Por mais que eu tentasse me convencer de que aquilo era apenas uma parte do trabalho, sabia que, em algum momento, precisaria fazer uma escolha.
E essa escolha não seria fácil.
Aquilo era demais para mim. Eu me virei de costas, tentando bloquear a cena que se desenrolava atrás de mim.

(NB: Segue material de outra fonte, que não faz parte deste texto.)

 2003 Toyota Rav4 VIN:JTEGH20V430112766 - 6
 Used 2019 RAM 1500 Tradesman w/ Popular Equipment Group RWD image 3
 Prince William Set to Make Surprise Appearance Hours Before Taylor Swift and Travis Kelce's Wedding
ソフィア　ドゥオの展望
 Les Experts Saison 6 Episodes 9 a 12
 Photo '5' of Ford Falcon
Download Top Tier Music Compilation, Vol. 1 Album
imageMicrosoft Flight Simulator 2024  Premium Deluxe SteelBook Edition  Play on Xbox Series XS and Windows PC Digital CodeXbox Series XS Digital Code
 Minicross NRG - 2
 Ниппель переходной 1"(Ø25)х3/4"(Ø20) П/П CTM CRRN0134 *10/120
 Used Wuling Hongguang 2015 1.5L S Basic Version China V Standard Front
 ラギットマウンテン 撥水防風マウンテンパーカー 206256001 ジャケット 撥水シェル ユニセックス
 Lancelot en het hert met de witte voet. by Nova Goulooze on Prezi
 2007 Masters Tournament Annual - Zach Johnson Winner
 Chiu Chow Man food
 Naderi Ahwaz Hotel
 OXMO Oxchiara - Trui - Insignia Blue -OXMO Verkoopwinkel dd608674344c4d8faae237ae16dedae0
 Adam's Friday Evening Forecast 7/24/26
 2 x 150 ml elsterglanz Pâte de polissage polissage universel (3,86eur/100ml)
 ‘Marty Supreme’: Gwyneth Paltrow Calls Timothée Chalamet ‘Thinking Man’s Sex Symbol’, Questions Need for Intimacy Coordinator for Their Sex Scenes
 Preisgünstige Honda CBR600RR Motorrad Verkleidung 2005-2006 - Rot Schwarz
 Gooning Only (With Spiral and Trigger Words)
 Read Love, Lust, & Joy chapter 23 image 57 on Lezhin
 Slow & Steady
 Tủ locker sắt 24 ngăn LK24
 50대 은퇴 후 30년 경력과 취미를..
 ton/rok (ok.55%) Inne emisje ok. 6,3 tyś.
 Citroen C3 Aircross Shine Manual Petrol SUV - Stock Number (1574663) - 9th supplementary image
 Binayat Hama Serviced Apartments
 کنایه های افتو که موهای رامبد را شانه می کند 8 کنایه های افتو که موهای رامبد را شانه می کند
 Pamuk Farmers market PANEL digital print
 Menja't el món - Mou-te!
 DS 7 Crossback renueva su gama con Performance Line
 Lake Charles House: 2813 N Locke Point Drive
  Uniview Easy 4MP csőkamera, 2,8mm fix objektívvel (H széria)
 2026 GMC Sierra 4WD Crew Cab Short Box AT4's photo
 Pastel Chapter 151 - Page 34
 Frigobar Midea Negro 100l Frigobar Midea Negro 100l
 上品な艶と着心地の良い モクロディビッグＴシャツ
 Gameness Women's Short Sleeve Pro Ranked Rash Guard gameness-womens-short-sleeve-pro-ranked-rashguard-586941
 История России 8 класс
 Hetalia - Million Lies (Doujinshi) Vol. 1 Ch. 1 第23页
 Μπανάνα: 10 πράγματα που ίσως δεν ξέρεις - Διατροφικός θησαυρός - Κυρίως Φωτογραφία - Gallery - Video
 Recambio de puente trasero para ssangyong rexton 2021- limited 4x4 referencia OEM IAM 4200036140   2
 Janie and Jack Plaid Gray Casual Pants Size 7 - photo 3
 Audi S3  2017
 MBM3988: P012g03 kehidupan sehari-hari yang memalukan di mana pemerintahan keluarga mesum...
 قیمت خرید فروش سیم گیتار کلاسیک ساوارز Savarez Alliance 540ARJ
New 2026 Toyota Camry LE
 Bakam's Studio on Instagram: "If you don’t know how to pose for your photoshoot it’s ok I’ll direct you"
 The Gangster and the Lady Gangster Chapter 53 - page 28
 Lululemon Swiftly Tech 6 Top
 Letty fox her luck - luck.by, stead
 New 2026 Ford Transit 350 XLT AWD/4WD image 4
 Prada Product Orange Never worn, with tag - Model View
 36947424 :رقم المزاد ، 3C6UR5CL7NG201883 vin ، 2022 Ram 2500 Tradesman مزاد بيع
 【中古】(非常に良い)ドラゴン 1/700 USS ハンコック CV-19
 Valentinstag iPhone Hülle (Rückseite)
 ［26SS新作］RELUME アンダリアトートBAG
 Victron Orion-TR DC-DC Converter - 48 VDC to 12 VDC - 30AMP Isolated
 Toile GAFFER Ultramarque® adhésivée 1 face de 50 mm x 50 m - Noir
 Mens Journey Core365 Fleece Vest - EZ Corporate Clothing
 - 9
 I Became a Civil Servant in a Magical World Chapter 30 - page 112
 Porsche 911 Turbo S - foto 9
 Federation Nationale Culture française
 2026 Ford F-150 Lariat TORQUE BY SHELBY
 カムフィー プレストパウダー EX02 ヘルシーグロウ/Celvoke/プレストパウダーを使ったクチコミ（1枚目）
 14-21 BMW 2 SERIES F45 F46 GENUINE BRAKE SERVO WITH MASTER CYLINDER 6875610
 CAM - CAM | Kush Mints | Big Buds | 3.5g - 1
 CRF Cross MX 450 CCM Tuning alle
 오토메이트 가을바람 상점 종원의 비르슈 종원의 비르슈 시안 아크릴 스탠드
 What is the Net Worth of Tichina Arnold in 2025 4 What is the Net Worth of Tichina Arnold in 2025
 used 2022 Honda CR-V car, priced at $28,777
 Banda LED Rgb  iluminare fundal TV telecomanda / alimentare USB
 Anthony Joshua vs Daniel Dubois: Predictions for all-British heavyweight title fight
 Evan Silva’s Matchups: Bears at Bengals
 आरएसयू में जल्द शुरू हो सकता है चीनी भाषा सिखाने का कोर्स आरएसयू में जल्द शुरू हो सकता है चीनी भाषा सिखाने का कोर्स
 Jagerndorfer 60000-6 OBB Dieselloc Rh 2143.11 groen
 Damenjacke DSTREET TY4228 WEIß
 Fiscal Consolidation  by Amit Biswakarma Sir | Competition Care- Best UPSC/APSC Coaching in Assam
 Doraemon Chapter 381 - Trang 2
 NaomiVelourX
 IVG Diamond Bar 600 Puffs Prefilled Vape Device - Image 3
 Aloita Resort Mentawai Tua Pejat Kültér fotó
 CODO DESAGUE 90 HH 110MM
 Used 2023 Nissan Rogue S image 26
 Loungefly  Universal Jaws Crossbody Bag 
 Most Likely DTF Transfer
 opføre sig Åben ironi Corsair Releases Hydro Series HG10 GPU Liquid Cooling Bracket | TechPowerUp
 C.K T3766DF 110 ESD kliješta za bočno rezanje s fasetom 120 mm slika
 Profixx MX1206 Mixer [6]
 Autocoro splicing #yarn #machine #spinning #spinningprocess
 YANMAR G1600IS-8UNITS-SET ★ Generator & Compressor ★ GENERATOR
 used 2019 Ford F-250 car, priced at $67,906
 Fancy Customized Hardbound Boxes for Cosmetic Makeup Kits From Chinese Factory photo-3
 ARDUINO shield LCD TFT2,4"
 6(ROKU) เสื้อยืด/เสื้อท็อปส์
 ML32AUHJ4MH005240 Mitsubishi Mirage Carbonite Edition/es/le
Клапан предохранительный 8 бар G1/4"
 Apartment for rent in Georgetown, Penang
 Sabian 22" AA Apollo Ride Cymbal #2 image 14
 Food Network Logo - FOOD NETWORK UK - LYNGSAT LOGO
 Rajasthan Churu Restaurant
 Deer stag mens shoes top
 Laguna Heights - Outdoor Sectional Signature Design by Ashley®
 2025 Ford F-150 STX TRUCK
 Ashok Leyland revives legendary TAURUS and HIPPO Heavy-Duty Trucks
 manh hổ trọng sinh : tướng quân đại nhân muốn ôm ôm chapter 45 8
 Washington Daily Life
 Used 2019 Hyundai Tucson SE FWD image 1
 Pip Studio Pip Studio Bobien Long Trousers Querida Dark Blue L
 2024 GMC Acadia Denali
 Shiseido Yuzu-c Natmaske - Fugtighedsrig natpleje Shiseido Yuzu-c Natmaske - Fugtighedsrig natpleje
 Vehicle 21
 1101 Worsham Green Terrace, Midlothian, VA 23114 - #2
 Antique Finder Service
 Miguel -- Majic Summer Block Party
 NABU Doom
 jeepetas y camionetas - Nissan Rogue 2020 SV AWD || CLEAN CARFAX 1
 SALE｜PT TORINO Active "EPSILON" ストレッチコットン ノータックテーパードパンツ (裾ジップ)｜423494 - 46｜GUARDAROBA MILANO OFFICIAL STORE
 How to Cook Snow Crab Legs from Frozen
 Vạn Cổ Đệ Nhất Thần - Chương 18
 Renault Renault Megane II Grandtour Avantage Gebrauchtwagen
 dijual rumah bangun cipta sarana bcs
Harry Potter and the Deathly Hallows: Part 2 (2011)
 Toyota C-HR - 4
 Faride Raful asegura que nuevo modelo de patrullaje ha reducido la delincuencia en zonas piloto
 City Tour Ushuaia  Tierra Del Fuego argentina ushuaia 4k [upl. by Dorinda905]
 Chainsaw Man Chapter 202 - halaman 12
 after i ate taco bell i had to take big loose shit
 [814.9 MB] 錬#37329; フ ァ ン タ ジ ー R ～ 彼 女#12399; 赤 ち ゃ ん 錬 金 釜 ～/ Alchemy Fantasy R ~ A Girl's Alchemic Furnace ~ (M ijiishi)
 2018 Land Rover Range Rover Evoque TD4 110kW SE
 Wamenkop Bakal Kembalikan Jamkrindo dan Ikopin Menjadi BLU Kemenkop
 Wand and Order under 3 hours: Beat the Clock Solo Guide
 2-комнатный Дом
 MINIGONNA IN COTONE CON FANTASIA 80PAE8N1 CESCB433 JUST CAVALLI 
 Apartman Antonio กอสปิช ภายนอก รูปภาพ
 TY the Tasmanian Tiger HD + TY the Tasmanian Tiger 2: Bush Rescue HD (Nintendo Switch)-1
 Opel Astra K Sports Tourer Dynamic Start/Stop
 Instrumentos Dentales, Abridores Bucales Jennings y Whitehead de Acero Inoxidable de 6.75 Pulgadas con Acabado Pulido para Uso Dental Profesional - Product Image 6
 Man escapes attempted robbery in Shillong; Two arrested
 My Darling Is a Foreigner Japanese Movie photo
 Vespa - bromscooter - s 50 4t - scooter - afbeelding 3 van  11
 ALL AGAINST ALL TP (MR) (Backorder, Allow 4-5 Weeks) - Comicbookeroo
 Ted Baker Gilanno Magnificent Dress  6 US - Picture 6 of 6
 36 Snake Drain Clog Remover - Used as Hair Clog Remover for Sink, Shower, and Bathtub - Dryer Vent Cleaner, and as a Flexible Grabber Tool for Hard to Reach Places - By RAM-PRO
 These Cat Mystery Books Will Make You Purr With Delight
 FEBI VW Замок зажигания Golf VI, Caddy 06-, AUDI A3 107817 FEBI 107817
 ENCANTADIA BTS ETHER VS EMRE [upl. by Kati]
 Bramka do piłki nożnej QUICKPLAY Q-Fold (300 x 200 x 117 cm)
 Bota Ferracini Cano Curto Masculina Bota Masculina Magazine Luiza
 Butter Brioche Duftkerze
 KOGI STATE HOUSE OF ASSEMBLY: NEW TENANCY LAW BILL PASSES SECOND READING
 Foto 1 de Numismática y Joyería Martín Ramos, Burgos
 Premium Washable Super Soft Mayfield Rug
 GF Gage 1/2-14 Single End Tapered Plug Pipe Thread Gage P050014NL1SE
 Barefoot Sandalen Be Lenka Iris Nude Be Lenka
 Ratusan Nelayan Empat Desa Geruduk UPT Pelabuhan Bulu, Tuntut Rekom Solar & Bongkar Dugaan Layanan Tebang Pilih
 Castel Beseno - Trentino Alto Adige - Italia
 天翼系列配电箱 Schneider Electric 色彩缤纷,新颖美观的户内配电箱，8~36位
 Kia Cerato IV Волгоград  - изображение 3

Mesmo com o barulho das risadas, dos sussurros e dos sons de beijos, forcei meu foco nas latas de energético, nos petiscos, em qualquer coisa que não fosse aquilo.
Enquanto os risos enchiam o camarim, uma pergunta martelava na minha cabeça. — "Como alguém consegue viver assim? Tão... vazio."
Tudo parecia tão superficial. Tão calculado. Eles estavam ali, todos eles, buscando alguma coisa, atenção, validação, prazer, mas tudo aquilo parecia sem substância, sem alma.
Por mais que eu tentasse me convencer de que aquilo não era da minha conta, não conseguia afastar o desconforto que crescia em mim. Era como uma sombra pairando sobre cada movimento meu, me lembrando que eu não pertencia àquele mundo.
Voltei a organizar as coisas, com movimentos precisos e rápidos, como se pudesse fugir do peso que sentia. Minhas mãos tremiam um pouco, mas segurei firme.
— Profissionalismo, Isabela. Você está aqui para trabalhar, e só isso importa. — eu repetia para mim mesma, como um mantra.
Ainda assim, não pude evitar me perguntar.
— "Será que ele é assim o tempo todo? Ou será que tudo isso é apenas uma máscara? Porque, por mais arrogante e desprezível que Mc Jace parecesse, havia algo em sua presença que me deixava intrigada. Algo que, mesmo sem querer, me fazia olhar para ele com mais atenção do que eu deveria."
Sacudi a cabeça, tentando afastar esses pensamentos. — "Não, Isabela. Ele é só mais um cara cheio de si que acha que pode ter tudo e todos. Você já viu isso antes. Não tem nada de novo aqui."
Mas, mesmo com minha tentativa de me convencer, a sombra do desconforto continuava ali.
E, pela primeira vez em muito tempo, eu me perguntei se estar naquele lugar, naquele emprego, naquele tipo de ambiente, realmente valia a pena.